▶
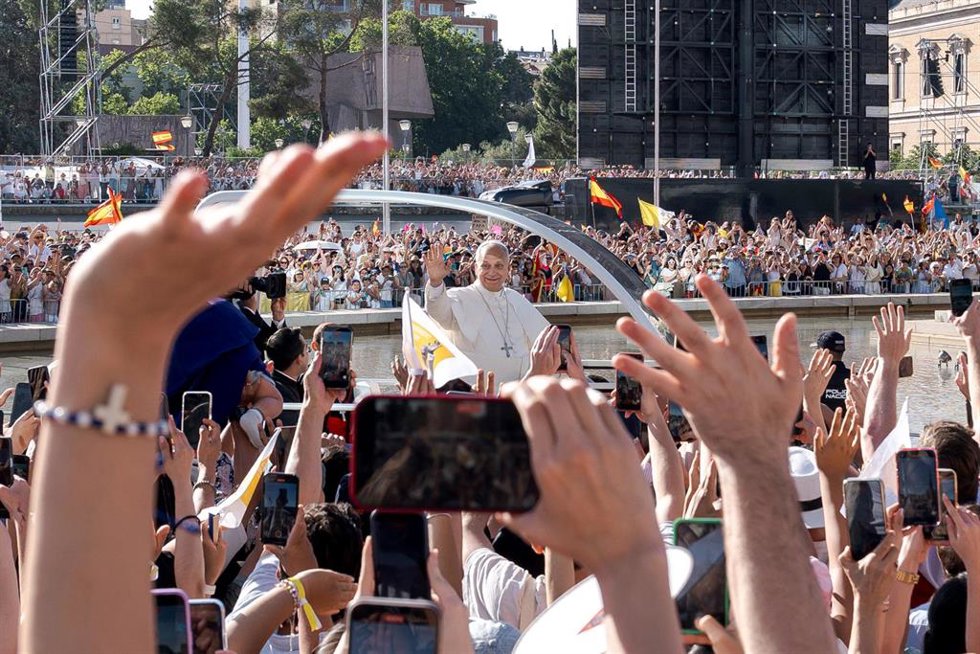 El Papa León XIV saluda desde el papamóvil, en la plaza de Colón, a 7 de junio de 2026, en Madrid (España).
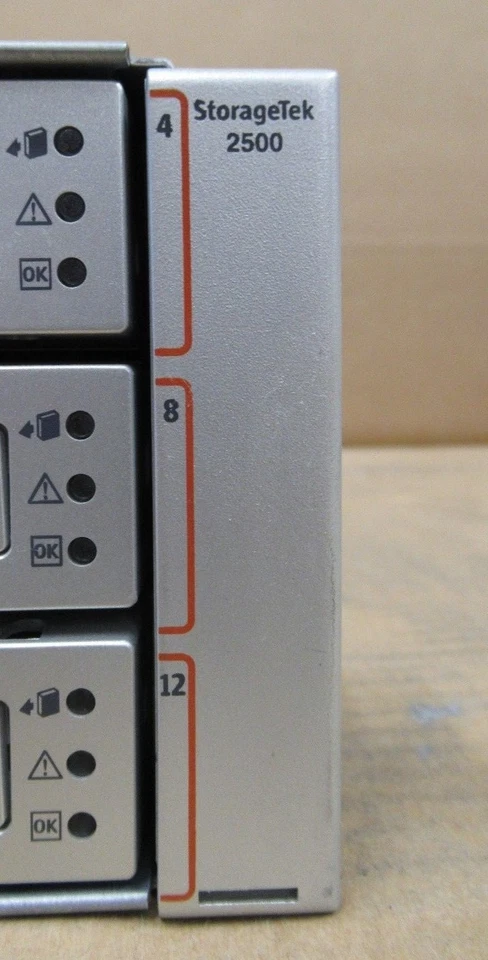 Sun StorageTek 2540 9x 300GB HDD Expansion Disk Array 2x Controller P16102-03-B - Image 3 of 4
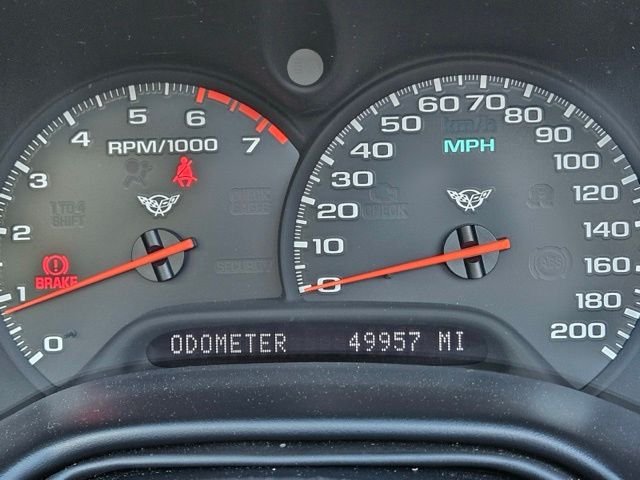 Used 2004 Gray Chevrolet Base image 14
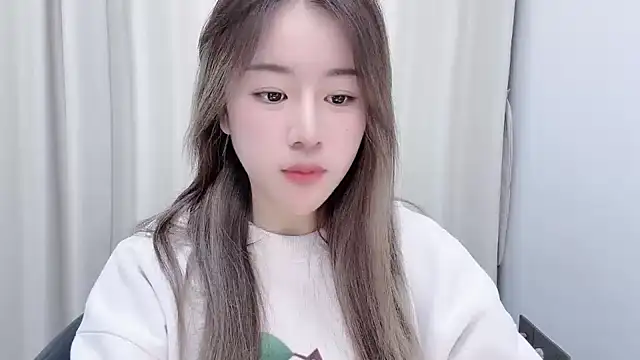 Snapshot of chloe-01 chatting on January 2025 12:35:01 PM chloe-01 online show from January 2025 12:35:01 PM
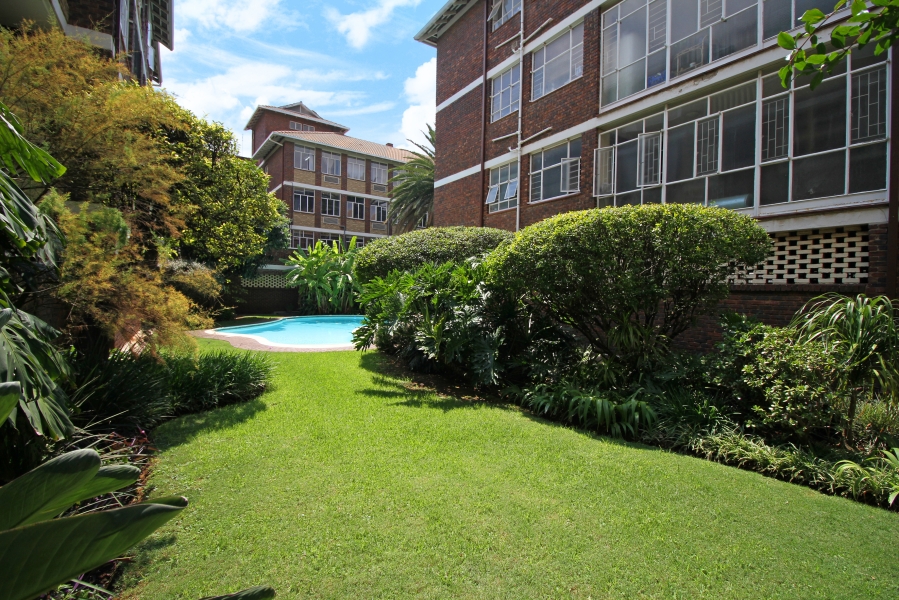 2 Bedroom Property for Sale in Highlands North Gauteng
◀
ACTION ITEM - Output exactly and only the lines from the line containing "Used 2004 Gray Chevrolet Base image 14" to the end of the entries, both included, and omit every picture.

ANSWER TO THIS PROBLEM -
 Used 2004 Gray Chevrolet Base image 14
 Snapshot of chloe-01 chatting on January 2025 12:35:01 PM chloe-01 online show from January 2025 12:35:01 PM
 2 Bedroom Property for Sale in Highlands North Gauteng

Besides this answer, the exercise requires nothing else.